Studies in France, Sweden, and Scotland, as well as the United States, document smoke inhalation as an important source of cyanide poisoning. Individuals with smoke inhalation from enclosed space fires who have soot in the mouth or nose, altered mental status, or hypotension may have significant cyanide poisoning (blood cyanide concentrations >40 mmol/L or approximately 1 mg/L).

Mortality/Morbidity

According to the American Association of Poison Control Centers Toxic Exposure Surveillance System, in 2005, 6 fatalities occurred out of 214 total cyanide exposures.1

  • Cyanide induces fatality in seconds to minutes following inhalation or intravenous injection, in minutes following ingestion of soluble salts, or minutes (hydrogen cyanide) to several hours (cyanogens) after skin absorption.
  • Individuals who survive cyanide poisoning are at risk for central nervous system dysfunction (eg, anoxic encephalopathy, Parkinsonlike syndrome).
  • Rapid aggressive therapy, consisting of supportive care and antidote administration, is lifesaving.

Sex

Suicide by cyanide poisoning occurs predominantly in males, as does industrial exposure. Leber optic atrophy has shown a very strong male predominance in European studies.

Age

Deliberate ingestion of cyanide occurs mostly in adults. Smoke inhalation and chronic cyanide poisoning affect all ages. 

Clinical

History

The delay between exposure and onset of symptoms depends on type of cyanide involved, route of entry, and dose. Rapidity of symptom onset, depending on the type of cyanide exposure, occurs in the following order (most rapid to least rapid): gas, soluble salt, insoluble salt, and cyanogens.
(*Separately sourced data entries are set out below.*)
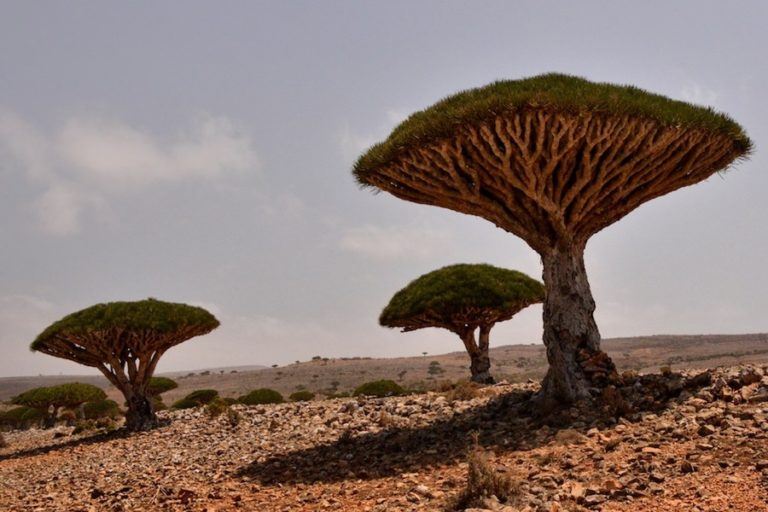 Socotra: 41 Surreal Photos And Facts From Earth's Weirdest Island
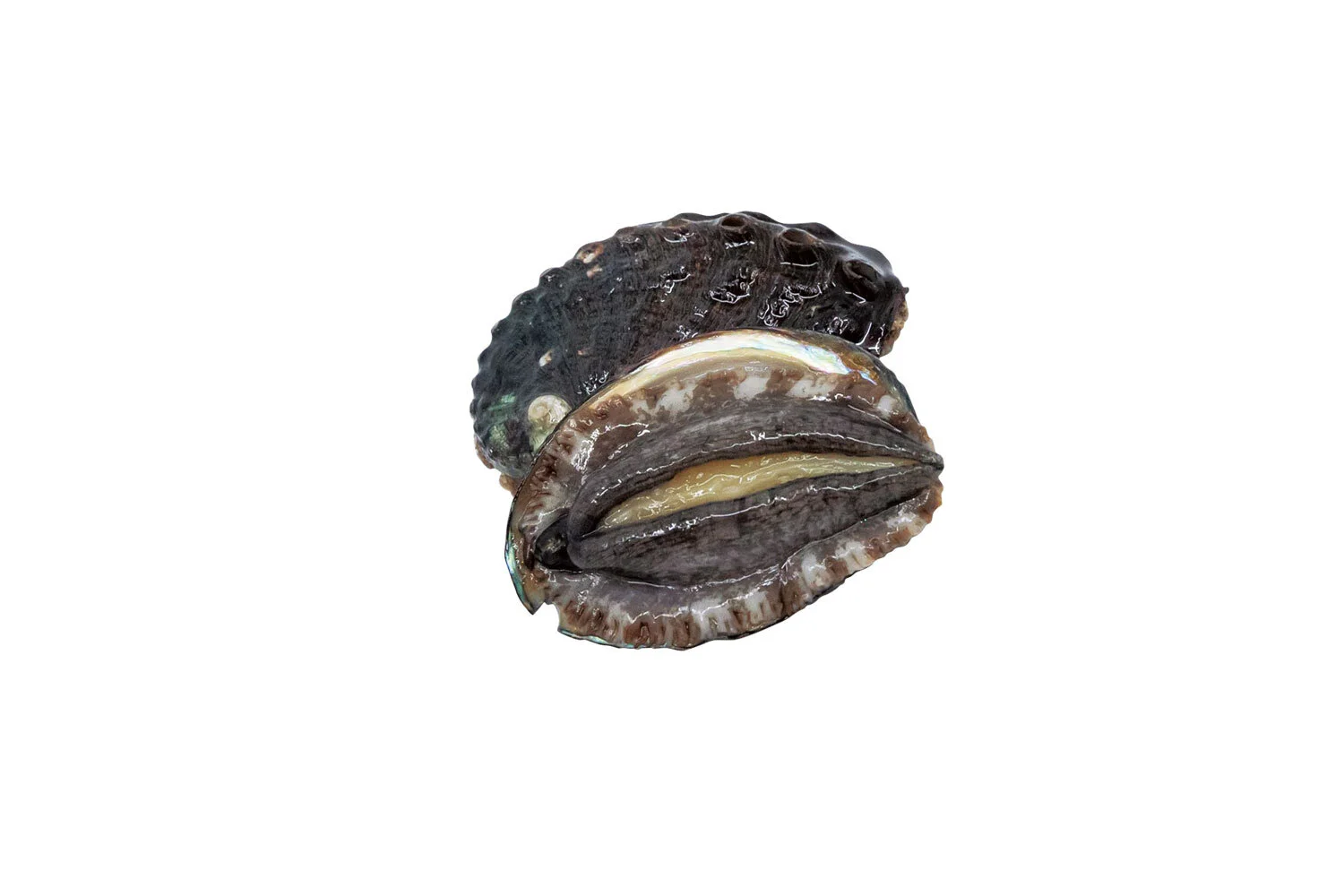 Abalone Aquaculture Farm in KailuaKona Farm Tours, Food Trucks, DIY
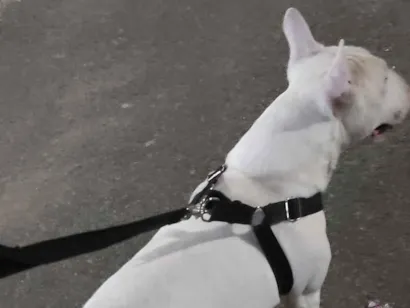 Cachorro raça Pit-Bull idade 7 a 11 meses nome Fred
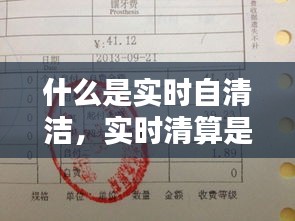 什么是實時自清潔，實時清算是什么意思 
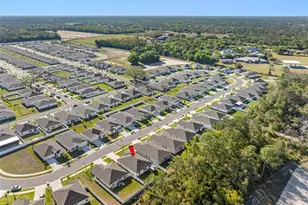 1312 Peach Crk Dr, Osteen, FL 32764 - Photo 9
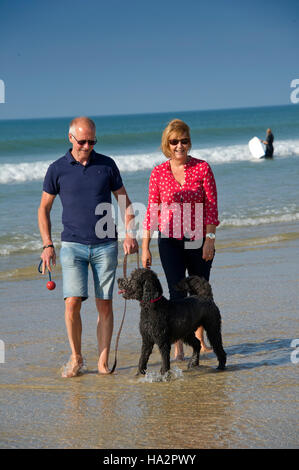 Un couple (mâle et femelle) de porter des vêtements d'été avec leur chien s'amusant sur une plage ensoleillée Cornish. Banque D'Images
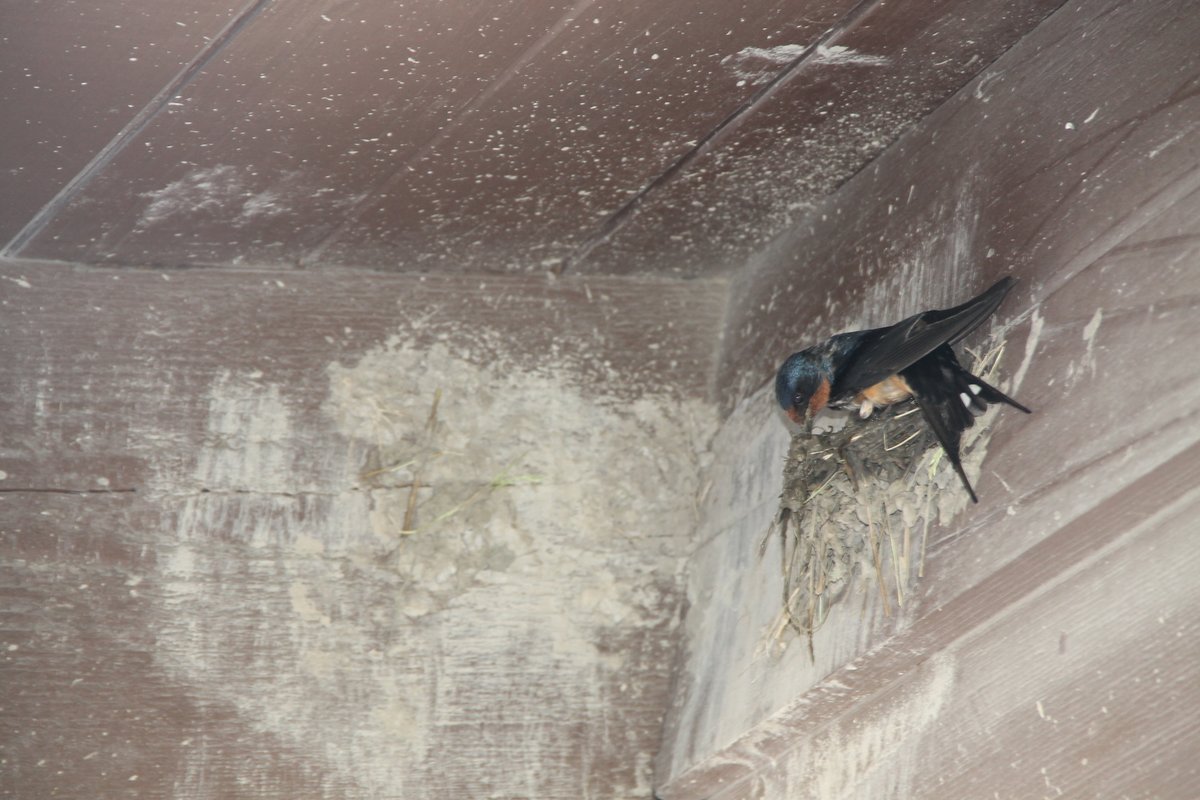 pottcoconservat's tweet photo. The answer to #WhatIsItWednesday is...The Barn Swallow (Hirundo rustica)

Swallows prefer to make their nests on human-made structures and often build on overhangs. Using mud, saliva, and grass. They are also nest loyal!

Post Credit: EE Intern Maelee
2nd PC: Jason R. Gill https://t.co/RIEu0i0oqY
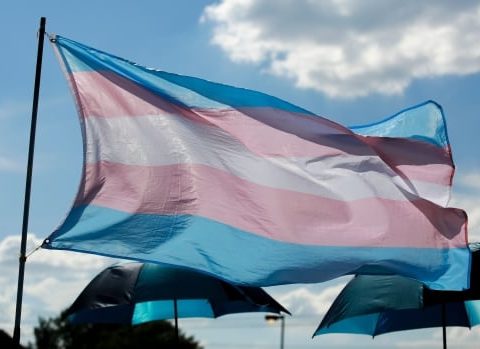 trans flag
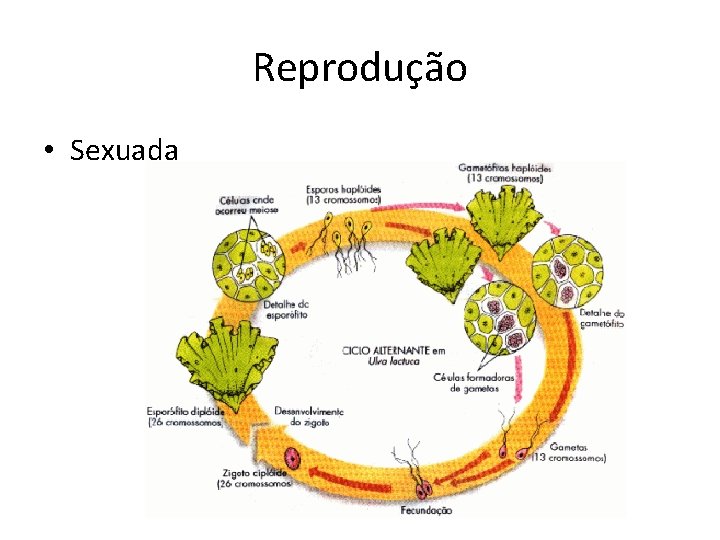 Reprodução • Sexuada 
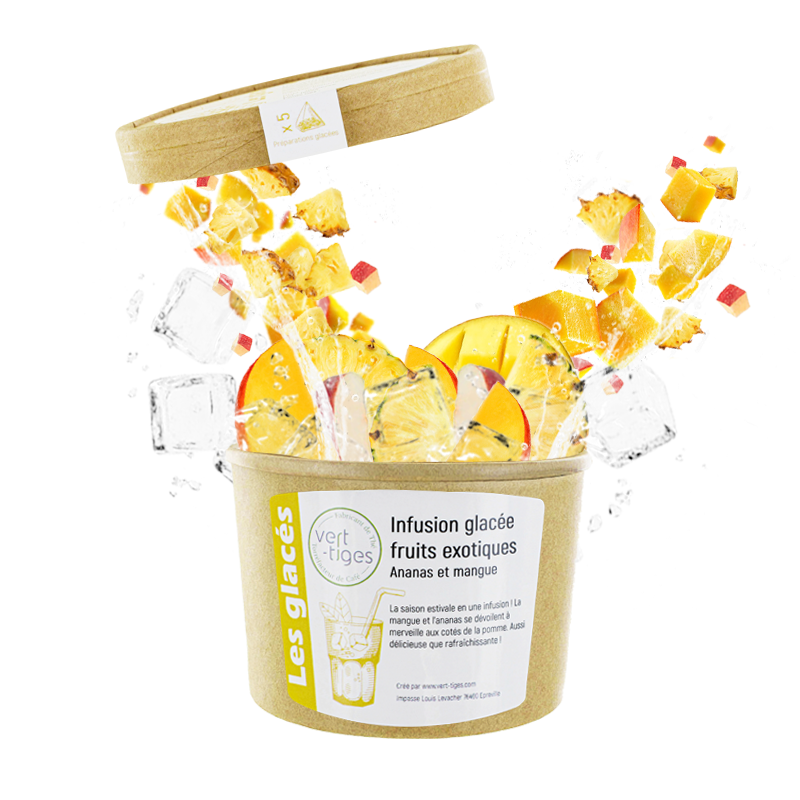 Infusion Glacée Fruits Exotiques x5 Infusettes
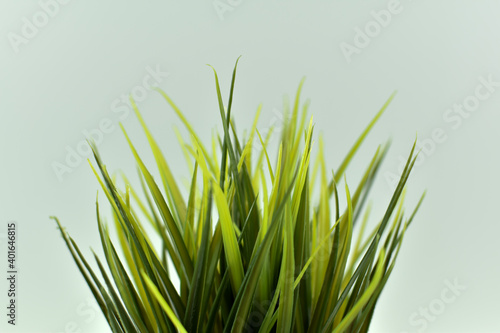 Długie, zielone liście sztucznej trawy.
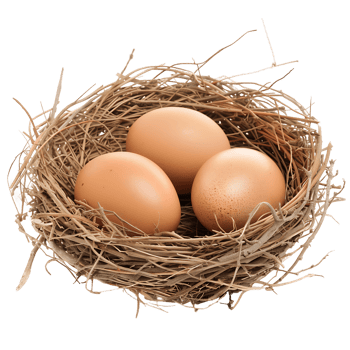 Egg in a Nest with Clear Background png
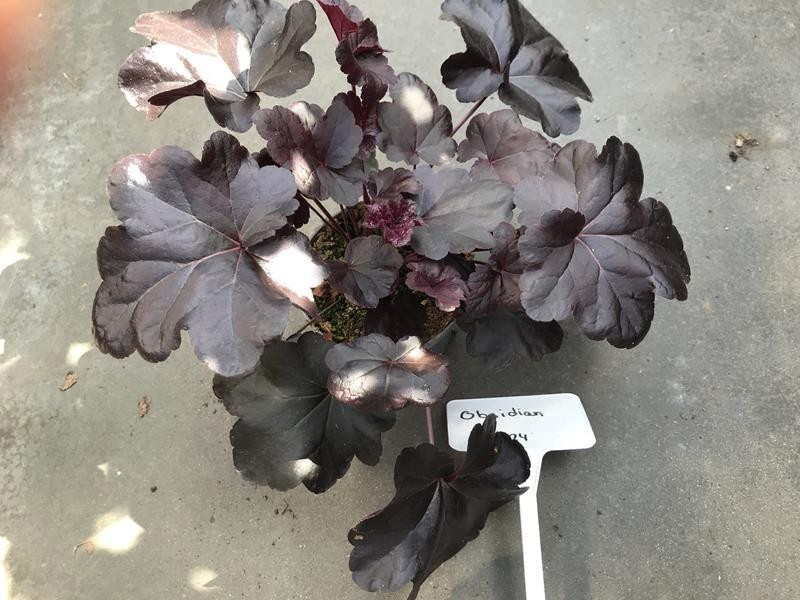 HEUCHERA-HYBRID 'OBSIDIAN', D 12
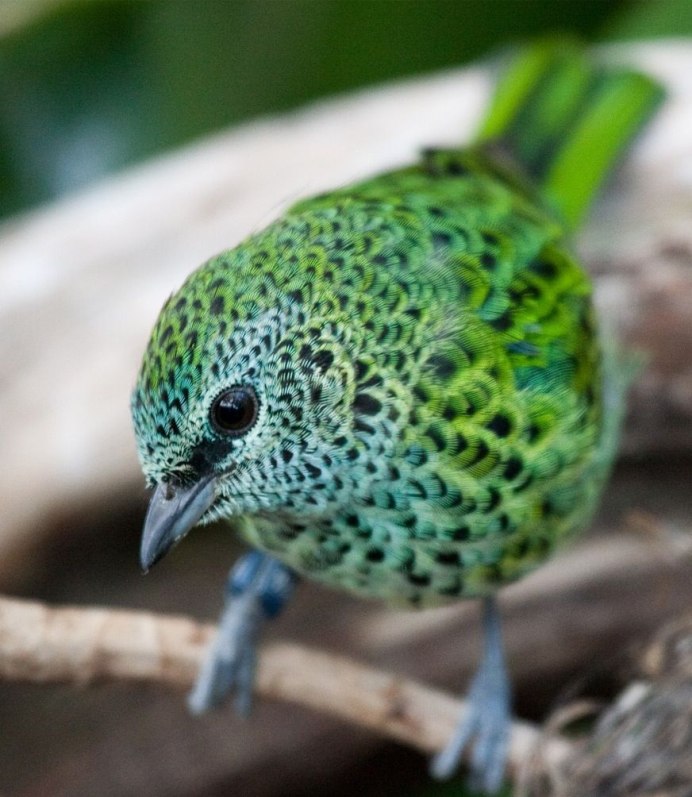 Краснохвостый дятел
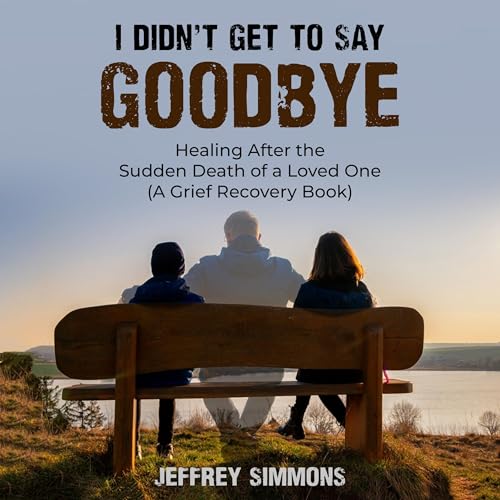 Cover of I Didn’t Get to Say Goodbye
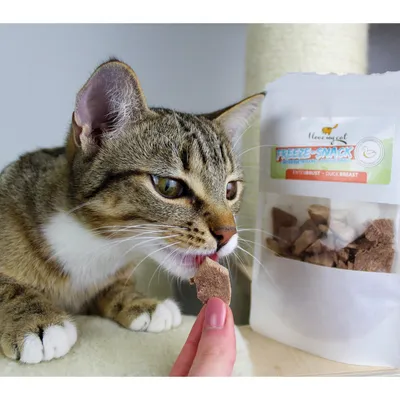 I love my cat Freeze-Snack für Katzen mit Entenbrust I love my cat Freeze-Snack für Katzen mit Entenbrust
Multiple casualties may present after a fire or hazardous materials incident involving cyanides. In some cases, the individuals involved may be experiencing collective hysteria. If physical findings are absent, cyanide poisoning is unlikely. If lactic acidosis is not present, cyanide poisoning has not occurred. Provide supportive care (oxygen) to all individuals presenting because of the event until absence of cyanide poisoning can be verified.

A history of recent depression in the patient with sudden collapse or altered mental status, acidosis, and tachyphylaxis in the ICU patient on nitroprusside should evoke suspicion of the diagnosis.

  • General weakness, malaise, and collapse
  • Neurologic symptoms (reflect progressive hypoxia)
    • Headache, vertigo, dizziness
    • Giddiness, inebriation, confusion
    • Generalized seizures
    • Coma
  • Gastrointestinal symptoms - Abdominal pain, nausea, vomiting
  • Cardiopulmonary symptoms
    • Shortness of breath, possibly associated with chest pain
    • Apnea

Physical

Physical findings of cyanide exposure are generally nonspecific, yet the onset of illness may be dramatic.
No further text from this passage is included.